* Task to complete: Please restate each line of the data below exactly. Omit all images.

* Raw data:

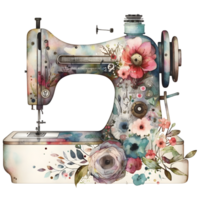 Vintage Sewing Machine Floral Watercolor Graphic, png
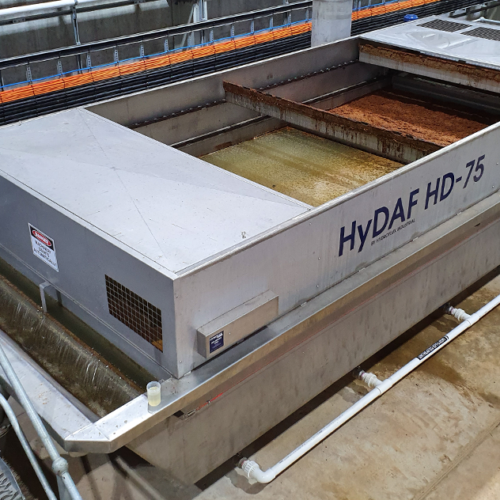 A HyDAF HD-100 - part of a completed wastewater treatment plant designed and constructed by Hydroflux at a poultry processing plant in Fiji
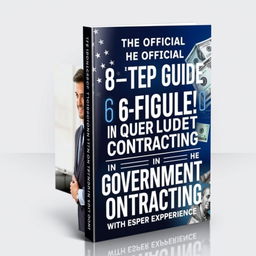 A modern and dynamic book cover design for the title 'The Official 8 Step Guide to Your First 6 Figures in Government Contracting! With No Experience'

* Answer to the problem:
 Vintage Sewing Machine Floral Watercolor Graphic, png
 A HyDAF HD-100 - part of a completed wastewater treatment plant designed and constructed by Hydroflux at a poultry processing plant in Fiji
 A modern and dynamic book cover design for the title 'The Official 8 Step Guide to Your First 6 Figures in Government Contracting! With No Experience'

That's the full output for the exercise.